Field
The present disclosure relates to tires for passenger vehicles, and notably the beads of these tires.
Description of Related Art
Reducing the emissions of greenhouse gases in the field of transport is one of the major challenges facing vehicle manufacturers today. A great deal of progress has been made through tires, by lowering the rolling resistance, because this has a direct impact on vehicle fuel consumption. Notable progress has been achieved and the great success of the Energy™ Saver tire recently marketed by Michelin for example bears witness to this. The technology employed allows around 0.2 l of fuel to be saved per 100 km in mixed cycle, representing a reduction of almost 4 g of CO2 per km. Over the life of a vehicle, that corresponds to approximately one tonne of CO2 that is not released into the atmosphere.
Bearing in mind the predictable increase in the price of crude oil and the ever increasing ecological awareness of consumers, it is nonetheless necessary to continue the battle to reduce the rolling resistance of tires.
The assembly formed by the bead and the radially inner part of the sidewall of a tire is one of the tire components of which the structure has a very marked impact on the rolling resistance of the tire. It has numerous roles: it absorbs the tension in the carcass reinforcement and transmits the loads applied to the tire from the sidewall to the rim. It therefore, from the rim, guides the crown of the tire. Its influence on the roadholding of the tire is considerable, especially when the tire is highly loaded. All of these functions are usually performed by the combination of a reinforcement (comprising the bead wire and the turn-up of the carcass reinforcement about this bead wire) and of a “filler” made of rubber composition. The compromise between the stiffness to be achieved, particularly for guiding the crown, and the expected endurance generally means that a certain path of the carcass reinforcement is planned and use is made of a filler that is bulky (tall and/or thick) and rigid. The downside of this geometry is significant hysteresis losses, particular in the filler. The stiffening action of the filler is applied especially in the region remote from the bead and therefore entails a filler that is even bulkier and, therefore, even greater hysteresis losses.

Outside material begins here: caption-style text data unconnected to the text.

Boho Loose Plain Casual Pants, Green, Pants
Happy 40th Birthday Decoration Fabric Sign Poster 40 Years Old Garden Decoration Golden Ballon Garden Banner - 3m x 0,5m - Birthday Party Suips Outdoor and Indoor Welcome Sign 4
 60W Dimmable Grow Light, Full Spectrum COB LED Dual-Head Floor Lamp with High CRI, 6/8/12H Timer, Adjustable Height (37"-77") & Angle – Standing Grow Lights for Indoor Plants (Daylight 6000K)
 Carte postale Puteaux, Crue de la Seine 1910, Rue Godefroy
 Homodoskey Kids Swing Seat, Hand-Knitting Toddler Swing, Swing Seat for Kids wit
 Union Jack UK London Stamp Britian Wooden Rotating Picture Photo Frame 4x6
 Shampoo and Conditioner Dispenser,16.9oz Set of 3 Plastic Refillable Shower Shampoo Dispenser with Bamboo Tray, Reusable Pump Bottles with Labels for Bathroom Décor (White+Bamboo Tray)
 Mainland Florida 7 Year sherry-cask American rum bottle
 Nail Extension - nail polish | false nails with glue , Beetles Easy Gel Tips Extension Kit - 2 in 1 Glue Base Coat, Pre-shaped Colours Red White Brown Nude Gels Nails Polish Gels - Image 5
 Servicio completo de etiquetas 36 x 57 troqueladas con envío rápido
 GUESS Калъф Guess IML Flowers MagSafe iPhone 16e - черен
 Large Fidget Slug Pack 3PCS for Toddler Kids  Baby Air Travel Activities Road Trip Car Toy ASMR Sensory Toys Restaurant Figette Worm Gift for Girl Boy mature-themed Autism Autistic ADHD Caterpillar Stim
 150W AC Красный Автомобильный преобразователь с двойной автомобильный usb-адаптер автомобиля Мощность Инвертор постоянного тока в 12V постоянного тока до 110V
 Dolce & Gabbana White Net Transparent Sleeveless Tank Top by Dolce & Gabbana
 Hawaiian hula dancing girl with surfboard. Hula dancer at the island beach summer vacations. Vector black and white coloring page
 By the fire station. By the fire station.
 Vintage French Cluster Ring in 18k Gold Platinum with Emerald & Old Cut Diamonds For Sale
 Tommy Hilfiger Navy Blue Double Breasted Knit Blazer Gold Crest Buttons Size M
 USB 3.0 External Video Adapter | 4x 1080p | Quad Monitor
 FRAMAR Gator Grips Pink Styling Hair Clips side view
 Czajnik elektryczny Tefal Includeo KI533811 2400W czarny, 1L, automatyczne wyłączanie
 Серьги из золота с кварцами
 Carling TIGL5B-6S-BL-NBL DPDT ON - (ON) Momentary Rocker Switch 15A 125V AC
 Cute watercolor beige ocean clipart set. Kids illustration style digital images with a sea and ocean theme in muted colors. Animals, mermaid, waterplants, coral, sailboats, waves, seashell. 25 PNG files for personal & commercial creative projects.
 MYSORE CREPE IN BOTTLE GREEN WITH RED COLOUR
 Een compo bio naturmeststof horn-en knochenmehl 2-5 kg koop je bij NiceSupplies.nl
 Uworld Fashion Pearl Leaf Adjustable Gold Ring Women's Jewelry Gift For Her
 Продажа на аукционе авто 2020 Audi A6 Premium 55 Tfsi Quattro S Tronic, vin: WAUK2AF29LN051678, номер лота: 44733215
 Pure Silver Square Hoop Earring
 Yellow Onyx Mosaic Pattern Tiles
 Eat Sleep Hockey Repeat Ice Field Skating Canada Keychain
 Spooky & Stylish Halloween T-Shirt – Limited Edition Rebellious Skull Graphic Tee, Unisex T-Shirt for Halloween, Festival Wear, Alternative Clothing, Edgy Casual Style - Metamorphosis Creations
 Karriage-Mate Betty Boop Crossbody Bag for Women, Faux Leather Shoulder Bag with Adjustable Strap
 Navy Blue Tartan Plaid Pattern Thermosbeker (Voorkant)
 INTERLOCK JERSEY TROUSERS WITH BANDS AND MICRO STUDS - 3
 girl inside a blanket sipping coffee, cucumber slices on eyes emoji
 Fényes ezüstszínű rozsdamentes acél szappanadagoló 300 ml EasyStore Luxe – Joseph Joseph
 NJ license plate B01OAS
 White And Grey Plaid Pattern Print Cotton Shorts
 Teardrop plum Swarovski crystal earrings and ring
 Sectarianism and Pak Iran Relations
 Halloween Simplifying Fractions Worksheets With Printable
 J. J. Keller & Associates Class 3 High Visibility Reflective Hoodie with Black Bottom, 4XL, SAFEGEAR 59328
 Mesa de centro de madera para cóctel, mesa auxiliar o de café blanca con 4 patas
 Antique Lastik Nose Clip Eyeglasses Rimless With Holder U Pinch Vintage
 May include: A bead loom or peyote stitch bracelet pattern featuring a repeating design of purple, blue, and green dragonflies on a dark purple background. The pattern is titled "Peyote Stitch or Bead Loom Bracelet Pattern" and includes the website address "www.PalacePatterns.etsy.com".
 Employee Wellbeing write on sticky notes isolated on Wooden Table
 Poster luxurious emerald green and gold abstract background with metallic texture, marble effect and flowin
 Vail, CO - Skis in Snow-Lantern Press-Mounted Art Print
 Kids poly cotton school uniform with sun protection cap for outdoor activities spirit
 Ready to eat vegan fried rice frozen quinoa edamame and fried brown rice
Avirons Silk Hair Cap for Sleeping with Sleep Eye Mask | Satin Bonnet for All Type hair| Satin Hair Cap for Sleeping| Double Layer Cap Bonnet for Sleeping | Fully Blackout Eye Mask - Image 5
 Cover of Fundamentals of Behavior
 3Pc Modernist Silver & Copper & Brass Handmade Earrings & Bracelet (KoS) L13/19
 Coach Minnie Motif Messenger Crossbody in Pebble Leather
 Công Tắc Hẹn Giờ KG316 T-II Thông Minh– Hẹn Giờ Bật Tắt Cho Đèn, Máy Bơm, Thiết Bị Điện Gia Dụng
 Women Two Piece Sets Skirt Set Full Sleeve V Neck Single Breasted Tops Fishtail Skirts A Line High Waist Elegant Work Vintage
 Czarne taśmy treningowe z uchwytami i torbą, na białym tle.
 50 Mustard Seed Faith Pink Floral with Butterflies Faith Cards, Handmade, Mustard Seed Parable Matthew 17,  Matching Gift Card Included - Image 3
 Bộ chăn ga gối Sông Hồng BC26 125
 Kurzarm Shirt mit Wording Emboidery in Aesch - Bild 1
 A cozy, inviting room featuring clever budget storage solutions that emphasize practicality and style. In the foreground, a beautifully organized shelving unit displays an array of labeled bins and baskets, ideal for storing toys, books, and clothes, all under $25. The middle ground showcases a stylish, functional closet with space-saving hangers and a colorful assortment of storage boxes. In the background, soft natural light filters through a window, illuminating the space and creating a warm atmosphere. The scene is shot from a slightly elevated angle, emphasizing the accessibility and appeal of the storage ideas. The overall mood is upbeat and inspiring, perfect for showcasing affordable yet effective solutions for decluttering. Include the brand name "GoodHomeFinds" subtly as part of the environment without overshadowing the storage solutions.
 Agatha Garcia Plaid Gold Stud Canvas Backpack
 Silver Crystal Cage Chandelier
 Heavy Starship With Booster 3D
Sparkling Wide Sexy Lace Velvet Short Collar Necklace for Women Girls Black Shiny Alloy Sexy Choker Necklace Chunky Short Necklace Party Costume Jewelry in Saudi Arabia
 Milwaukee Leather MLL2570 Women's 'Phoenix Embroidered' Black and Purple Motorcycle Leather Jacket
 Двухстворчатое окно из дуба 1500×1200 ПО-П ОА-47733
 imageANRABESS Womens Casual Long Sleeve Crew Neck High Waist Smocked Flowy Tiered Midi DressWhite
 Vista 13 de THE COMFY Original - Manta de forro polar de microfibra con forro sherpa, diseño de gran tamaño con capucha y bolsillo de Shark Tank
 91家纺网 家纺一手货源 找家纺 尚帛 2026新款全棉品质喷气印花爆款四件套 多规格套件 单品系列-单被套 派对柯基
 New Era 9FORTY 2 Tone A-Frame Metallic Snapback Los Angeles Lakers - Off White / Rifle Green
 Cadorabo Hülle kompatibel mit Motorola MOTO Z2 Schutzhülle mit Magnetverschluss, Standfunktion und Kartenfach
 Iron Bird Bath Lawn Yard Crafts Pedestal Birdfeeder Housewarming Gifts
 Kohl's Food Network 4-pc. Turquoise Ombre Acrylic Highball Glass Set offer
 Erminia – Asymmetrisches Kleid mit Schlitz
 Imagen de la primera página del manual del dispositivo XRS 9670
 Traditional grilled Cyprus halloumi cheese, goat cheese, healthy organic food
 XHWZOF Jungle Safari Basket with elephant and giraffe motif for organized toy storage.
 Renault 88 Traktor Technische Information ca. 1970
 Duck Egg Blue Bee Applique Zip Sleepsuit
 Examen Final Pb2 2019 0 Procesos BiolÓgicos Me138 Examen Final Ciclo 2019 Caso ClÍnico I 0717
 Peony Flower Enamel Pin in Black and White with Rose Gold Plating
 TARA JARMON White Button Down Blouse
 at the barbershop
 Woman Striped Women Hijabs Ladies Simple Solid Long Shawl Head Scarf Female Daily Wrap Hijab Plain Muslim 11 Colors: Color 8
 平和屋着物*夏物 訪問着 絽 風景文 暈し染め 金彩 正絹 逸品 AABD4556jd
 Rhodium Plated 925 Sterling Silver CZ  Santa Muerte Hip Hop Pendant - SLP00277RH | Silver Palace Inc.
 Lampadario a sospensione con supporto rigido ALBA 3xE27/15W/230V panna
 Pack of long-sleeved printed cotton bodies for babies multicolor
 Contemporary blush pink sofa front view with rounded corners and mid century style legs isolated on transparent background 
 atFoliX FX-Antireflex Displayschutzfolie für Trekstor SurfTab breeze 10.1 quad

While searching for a very low rolling resistance tire for passenger vehicles, the applicant company has proposed a tire in which the volume of the filler has been reduced as far as possible and in which the stiffening function is provided by a reinforcement that has very low hysteresis. Such as tire is disclosed in document WO 2011/067211.
That tire, although it allows an excellent compromise between rolling resistance and cornering stiffness, has not lived up to expectations in terms of endurance.